I know, right? Why build a solar farm in 6 months or a wind farm in a year when you can spend five times as much and have a nuclear plant ready in 10-15 years?
Because the solar farm is going to saturate the energy market on sunny days, and fail to produce energy at night and on cloudy days. There's diminishing returns on intermittent energy sources once peak production is saturated. Comparing intermittent sources of electricity to dispatchable sources of energy is comparing apples to oranges.
It's insane to fret about saturating the energy market when 40% of electricity is produced by gas on a sunny day and electric car drivers are gagging for differential pricing tariffs.
Intermittent electricity produced now is worth more than baseload in 14 years later.
40% of electricity may be produced by gas on a given day, but that 40% is being produced mostly at night - which is is not going to be displaced by further investments in solar. "Base load" isn't a reference to generation, it's a reference to demand. Base load refers to the load during the lowest period of energy demand in a 24 hour period. Unfortunately, load peaks when solar is producing no energy and load at its base when solar is producing the most energy [1]. Without storage, these excesses of solar production when load is at its base cannot be shifted to the time when load is at its peak.
Renewables look great if you just look at generation. But the goal isn't simply to generate clean energy, the goal is to displace fossil fuels. This is why non-intermittent sources like nuclear and hydroelectricity are, contrary to your assertion, far more valuable for decarbonization.
I live in NYC, and about 50% of energy coming to my apartment comes from nuclear and hydro sources, according to the energy company.
But NYC has a few gas-fired peaker plants, and during summer they are fired at the hottest time of the day, when AC load soars.
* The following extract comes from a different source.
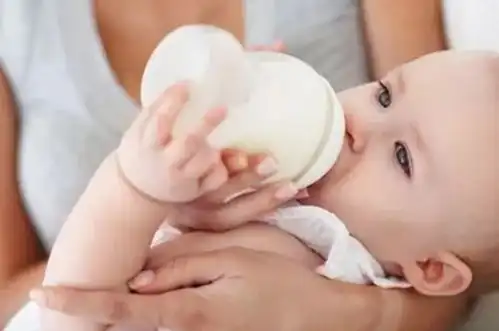  为何选择母乳喂养的宝宝,晚上更容易夜醒原因其实不难理解
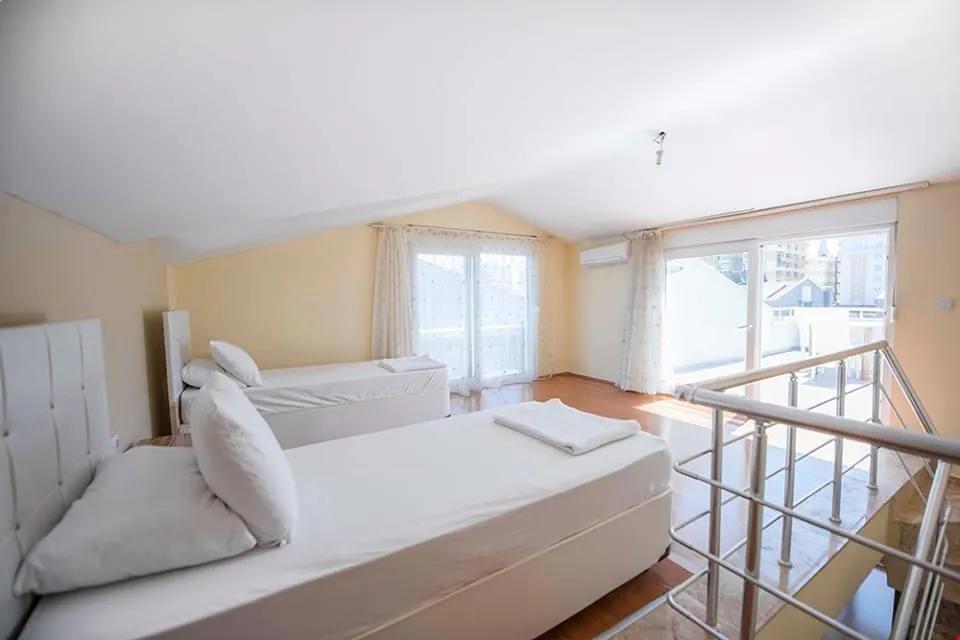 Blue Moon Villa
More solar power would certainly help this specific problem. I suppose that somewhere farther from ocean, where day and night temperatures vary more, a solar plant should have an even bigger effect in the summer.
Unfortunately the solar potential north in New York is pretty bad. It's not just the weather, it's the angle of incidence with the sun. The further away from the equator you go, the less light per square meter of land you get.
Actually, Europe's renewables - besides hydroelectricity - are mostly wind precisely for this reason. Wind is 12% of the EU's electricity generation as compared to 6% for solar [2]. Nuclear power is more than both combined at 25% [3].
Aren't you quoting numbers on grid electricity production?
In Europe many household solar installations are connected to batteries, and don't feed directly into the grid. You won't see such use in production statistics, only indirectly as a reduction in demand.
Some of those also don't produce electricity, but use solar for heating.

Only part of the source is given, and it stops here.